__Your goal__: Every line of the material that follows must be printed again exactly.
Data records: Begin
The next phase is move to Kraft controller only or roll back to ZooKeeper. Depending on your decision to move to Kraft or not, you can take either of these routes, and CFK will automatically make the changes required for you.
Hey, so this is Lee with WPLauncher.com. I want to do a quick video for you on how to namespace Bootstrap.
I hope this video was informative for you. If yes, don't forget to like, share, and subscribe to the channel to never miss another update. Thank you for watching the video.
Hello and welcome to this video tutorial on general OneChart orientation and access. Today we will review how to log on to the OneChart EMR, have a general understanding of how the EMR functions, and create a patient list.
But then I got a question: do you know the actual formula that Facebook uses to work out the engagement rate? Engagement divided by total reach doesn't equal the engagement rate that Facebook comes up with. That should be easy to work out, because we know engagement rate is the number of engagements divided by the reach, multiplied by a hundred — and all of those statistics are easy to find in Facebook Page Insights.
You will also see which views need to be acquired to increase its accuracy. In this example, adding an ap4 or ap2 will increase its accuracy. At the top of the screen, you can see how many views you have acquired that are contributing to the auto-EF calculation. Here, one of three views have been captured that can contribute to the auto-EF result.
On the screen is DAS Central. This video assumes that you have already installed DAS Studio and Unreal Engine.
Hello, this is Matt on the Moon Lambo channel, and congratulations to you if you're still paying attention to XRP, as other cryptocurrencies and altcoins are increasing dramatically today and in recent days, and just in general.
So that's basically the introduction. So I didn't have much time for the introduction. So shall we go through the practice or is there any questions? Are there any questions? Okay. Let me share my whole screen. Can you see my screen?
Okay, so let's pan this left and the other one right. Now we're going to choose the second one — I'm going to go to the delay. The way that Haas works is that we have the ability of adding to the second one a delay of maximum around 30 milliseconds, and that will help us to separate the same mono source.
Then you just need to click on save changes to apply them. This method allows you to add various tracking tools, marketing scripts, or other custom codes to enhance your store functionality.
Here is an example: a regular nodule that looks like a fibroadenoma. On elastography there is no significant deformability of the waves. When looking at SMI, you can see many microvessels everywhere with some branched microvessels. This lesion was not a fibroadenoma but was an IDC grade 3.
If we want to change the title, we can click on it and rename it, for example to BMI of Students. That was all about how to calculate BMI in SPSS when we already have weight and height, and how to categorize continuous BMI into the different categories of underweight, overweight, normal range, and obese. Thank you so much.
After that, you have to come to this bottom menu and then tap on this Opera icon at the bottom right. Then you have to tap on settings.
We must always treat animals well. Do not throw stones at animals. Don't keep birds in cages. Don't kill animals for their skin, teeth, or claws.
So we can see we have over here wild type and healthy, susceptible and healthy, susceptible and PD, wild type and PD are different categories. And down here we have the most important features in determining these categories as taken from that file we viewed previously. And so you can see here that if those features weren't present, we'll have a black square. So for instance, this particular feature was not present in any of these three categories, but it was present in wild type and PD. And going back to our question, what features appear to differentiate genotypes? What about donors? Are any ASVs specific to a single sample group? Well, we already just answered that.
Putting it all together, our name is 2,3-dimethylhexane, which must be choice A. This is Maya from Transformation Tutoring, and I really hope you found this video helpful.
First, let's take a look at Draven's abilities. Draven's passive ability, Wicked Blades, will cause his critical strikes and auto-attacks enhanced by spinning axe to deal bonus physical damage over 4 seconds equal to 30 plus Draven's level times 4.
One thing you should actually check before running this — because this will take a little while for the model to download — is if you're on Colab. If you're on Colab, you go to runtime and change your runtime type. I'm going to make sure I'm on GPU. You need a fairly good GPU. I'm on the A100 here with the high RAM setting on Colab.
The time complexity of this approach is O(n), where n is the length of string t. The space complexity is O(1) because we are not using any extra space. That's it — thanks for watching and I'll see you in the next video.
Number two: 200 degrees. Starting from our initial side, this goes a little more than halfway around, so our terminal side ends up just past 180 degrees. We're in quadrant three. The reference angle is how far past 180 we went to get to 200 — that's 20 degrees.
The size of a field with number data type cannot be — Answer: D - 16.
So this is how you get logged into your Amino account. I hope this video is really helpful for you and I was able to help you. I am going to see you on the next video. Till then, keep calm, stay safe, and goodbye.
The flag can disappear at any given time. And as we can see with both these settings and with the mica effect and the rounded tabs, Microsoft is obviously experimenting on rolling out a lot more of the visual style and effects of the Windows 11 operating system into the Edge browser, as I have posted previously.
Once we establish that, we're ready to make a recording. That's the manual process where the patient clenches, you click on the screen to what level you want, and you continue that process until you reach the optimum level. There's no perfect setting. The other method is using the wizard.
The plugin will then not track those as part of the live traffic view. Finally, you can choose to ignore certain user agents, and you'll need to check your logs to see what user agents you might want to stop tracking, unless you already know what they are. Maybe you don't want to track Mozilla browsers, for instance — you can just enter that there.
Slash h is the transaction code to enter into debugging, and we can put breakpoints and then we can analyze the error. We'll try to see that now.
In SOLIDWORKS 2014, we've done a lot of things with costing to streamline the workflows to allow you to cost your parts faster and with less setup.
Data records: End
__Reply__:
The next phase is move to Kraft controller only or roll back to ZooKeeper. Depending on your decision to move to Kraft or not, you can take either of these routes, and CFK will automatically make the changes required for you.
Hey, so this is Lee with WPLauncher.com. I want to do a quick video for you on how to namespace Bootstrap.
I hope this video was informative for you. If yes, don't forget to like, share, and subscribe to the channel to never miss another update. Thank you for watching the video.
Hello and welcome to this video tutorial on general OneChart orientation and access. Today we will review how to log on to the OneChart EMR, have a general understanding of how the EMR functions, and create a patient list.
But then I got a question: do you know the actual formula that Facebook uses to work out the engagement rate? Engagement divided by total reach doesn't equal the engagement rate that Facebook comes up with. That should be easy to work out, because we know engagement rate is the number of engagements divided by the reach, multiplied by a hundred — and all of those statistics are easy to find in Facebook Page Insights.
You will also see which views need to be acquired to increase its accuracy. In this example, adding an ap4 or ap2 will increase its accuracy. At the top of the screen, you can see how many views you have acquired that are contributing to the auto-EF calculation. Here, one of three views have been captured that can contribute to the auto-EF result.
On the screen is DAS Central. This video assumes that you have already installed DAS Studio and Unreal Engine.
Hello, this is Matt on the Moon Lambo channel, and congratulations to you if you're still paying attention to XRP, as other cryptocurrencies and altcoins are increasing dramatically today and in recent days, and just in general.
So that's basically the introduction. So I didn't have much time for the introduction. So shall we go through the practice or is there any questions? Are there any questions? Okay. Let me share my whole screen. Can you see my screen?
Okay, so let's pan this left and the other one right. Now we're going to choose the second one — I'm going to go to the delay. The way that Haas works is that we have the ability of adding to the second one a delay of maximum around 30 milliseconds, and that will help us to separate the same mono source.
Then you just need to click on save changes to apply them. This method allows you to add various tracking tools, marketing scripts, or other custom codes to enhance your store functionality.
Here is an example: a regular nodule that looks like a fibroadenoma. On elastography there is no significant deformability of the waves. When looking at SMI, you can see many microvessels everywhere with some branched microvessels. This lesion was not a fibroadenoma but was an IDC grade 3.
If we want to change the title, we can click on it and rename it, for example to BMI of Students. That was all about how to calculate BMI in SPSS when we already have weight and height, and how to categorize continuous BMI into the different categories of underweight, overweight, normal range, and obese. Thank you so much.
After that, you have to come to this bottom menu and then tap on this Opera icon at the bottom right. Then you have to tap on settings.
We must always treat animals well. Do not throw stones at animals. Don't keep birds in cages. Don't kill animals for their skin, teeth, or claws.
So we can see we have over here wild type and healthy, susceptible and healthy, susceptible and PD, wild type and PD are different categories. And down here we have the most important features in determining these categories as taken from that file we viewed previously. And so you can see here that if those features weren't present, we'll have a black square. So for instance, this particular feature was not present in any of these three categories, but it was present in wild type and PD. And going back to our question, what features appear to differentiate genotypes? What about donors? Are any ASVs specific to a single sample group? Well, we already just answered that.
Putting it all together, our name is 2,3-dimethylhexane, which must be choice A. This is Maya from Transformation Tutoring, and I really hope you found this video helpful.
First, let's take a look at Draven's abilities. Draven's passive ability, Wicked Blades, will cause his critical strikes and auto-attacks enhanced by spinning axe to deal bonus physical damage over 4 seconds equal to 30 plus Draven's level times 4.
One thing you should actually check before running this — because this will take a little while for the model to download — is if you're on Colab. If you're on Colab, you go to runtime and change your runtime type. I'm going to make sure I'm on GPU. You need a fairly good GPU. I'm on the A100 here with the high RAM setting on Colab.
The time complexity of this approach is O(n), where n is the length of string t. The space complexity is O(1) because we are not using any extra space. That's it — thanks for watching and I'll see you in the next video.
Number two: 200 degrees. Starting from our initial side, this goes a little more than halfway around, so our terminal side ends up just past 180 degrees. We're in quadrant three. The reference angle is how far past 180 we went to get to 200 — that's 20 degrees.
The size of a field with number data type cannot be — Answer: D - 16.
So this is how you get logged into your Amino account. I hope this video is really helpful for you and I was able to help you. I am going to see you on the next video. Till then, keep calm, stay safe, and goodbye.
The flag can disappear at any given time. And as we can see with both these settings and with the mica effect and the rounded tabs, Microsoft is obviously experimenting on rolling out a lot more of the visual style and effects of the Windows 11 operating system into the Edge browser, as I have posted previously.
Once we establish that, we're ready to make a recording. That's the manual process where the patient clenches, you click on the screen to what level you want, and you continue that process until you reach the optimum level. There's no perfect setting. The other method is using the wizard.
The plugin will then not track those as part of the live traffic view. Finally, you can choose to ignore certain user agents, and you'll need to check your logs to see what user agents you might want to stop tracking, unless you already know what they are. Maybe you don't want to track Mozilla browsers, for instance — you can just enter that there.
Slash h is the transaction code to enter into debugging, and we can put breakpoints and then we can analyze the error. We'll try to see that now.
In SOLIDWORKS 2014, we've done a lot of things with costing to streamline the workflows to allow you to cost your parts faster and with less setup.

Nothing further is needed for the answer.